MATERIAL SUPPLIED –
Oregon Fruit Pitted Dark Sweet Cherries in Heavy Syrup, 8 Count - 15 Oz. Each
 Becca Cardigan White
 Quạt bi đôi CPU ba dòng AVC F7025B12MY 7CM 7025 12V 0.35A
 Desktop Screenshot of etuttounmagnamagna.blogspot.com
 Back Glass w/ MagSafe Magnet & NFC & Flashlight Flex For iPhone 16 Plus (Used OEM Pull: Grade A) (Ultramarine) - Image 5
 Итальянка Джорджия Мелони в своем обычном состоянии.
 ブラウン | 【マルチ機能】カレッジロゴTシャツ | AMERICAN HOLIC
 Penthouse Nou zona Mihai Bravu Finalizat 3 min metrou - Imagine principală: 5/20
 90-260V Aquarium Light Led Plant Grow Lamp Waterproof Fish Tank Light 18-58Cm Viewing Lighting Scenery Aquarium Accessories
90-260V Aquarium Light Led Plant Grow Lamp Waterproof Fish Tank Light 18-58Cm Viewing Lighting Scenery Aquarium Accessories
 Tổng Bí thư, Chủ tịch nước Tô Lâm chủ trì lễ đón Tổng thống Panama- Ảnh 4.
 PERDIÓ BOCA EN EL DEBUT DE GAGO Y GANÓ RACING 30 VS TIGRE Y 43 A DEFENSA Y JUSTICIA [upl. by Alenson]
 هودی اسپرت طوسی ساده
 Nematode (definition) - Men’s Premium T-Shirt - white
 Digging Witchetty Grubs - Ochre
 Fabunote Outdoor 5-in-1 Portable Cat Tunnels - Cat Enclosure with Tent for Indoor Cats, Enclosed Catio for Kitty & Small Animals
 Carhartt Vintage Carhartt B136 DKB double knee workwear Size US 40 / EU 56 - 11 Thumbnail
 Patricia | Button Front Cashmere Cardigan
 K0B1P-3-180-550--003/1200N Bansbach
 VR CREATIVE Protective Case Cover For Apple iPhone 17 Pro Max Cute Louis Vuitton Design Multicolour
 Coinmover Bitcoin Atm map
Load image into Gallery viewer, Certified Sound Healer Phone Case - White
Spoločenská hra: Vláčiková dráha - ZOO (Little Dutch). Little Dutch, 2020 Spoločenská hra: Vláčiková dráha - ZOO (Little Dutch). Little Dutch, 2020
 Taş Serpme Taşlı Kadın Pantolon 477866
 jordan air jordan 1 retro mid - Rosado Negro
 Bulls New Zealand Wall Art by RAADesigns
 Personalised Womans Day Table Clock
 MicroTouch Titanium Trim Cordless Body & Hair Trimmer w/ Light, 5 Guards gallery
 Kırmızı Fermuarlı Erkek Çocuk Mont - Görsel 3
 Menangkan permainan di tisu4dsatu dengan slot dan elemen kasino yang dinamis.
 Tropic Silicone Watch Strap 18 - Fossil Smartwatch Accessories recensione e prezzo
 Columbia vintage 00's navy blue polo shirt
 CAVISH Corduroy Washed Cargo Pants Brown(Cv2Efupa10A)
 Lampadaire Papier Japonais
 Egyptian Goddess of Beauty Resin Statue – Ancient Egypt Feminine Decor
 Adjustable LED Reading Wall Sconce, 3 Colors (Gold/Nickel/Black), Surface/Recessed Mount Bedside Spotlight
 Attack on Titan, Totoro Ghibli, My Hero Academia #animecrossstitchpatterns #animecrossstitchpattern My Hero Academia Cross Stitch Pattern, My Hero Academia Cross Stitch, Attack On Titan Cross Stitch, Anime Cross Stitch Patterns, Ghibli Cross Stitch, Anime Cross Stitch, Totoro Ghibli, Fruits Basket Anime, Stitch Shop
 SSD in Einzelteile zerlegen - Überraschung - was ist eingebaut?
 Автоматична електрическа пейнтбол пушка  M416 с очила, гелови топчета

WORK INSTRUCTION –
After locating the line holding "Desktop Screenshot of" above, output exactly that line and every line after it through the line holding "Carhartt Vintage Carhartt". Include nothing else.

YOUR RESPONSE –
 Desktop Screenshot of etuttounmagnamagna.blogspot.com
 Back Glass w/ MagSafe Magnet & NFC & Flashlight Flex For iPhone 16 Plus (Used OEM Pull: Grade A) (Ultramarine) - Image 5
 Итальянка Джорджия Мелони в своем обычном состоянии.
 ブラウン | 【マルチ機能】カレッジロゴTシャツ | AMERICAN HOLIC
 Penthouse Nou zona Mihai Bravu Finalizat 3 min metrou - Imagine principală: 5/20
 90-260V Aquarium Light Led Plant Grow Lamp Waterproof Fish Tank Light 18-58Cm Viewing Lighting Scenery Aquarium Accessories
90-260V Aquarium Light Led Plant Grow Lamp Waterproof Fish Tank Light 18-58Cm Viewing Lighting Scenery Aquarium Accessories
 Tổng Bí thư, Chủ tịch nước Tô Lâm chủ trì lễ đón Tổng thống Panama- Ảnh 4.
 PERDIÓ BOCA EN EL DEBUT DE GAGO Y GANÓ RACING 30 VS TIGRE Y 43 A DEFENSA Y JUSTICIA [upl. by Alenson]
 هودی اسپرت طوسی ساده
 Nematode (definition) - Men’s Premium T-Shirt - white
 Digging Witchetty Grubs - Ochre
 Fabunote Outdoor 5-in-1 Portable Cat Tunnels - Cat Enclosure with Tent for Indoor Cats, Enclosed Catio for Kitty & Small Animals
 Carhartt Vintage Carhartt B136 DKB double knee workwear Size US 40 / EU 56 - 11 Thumbnail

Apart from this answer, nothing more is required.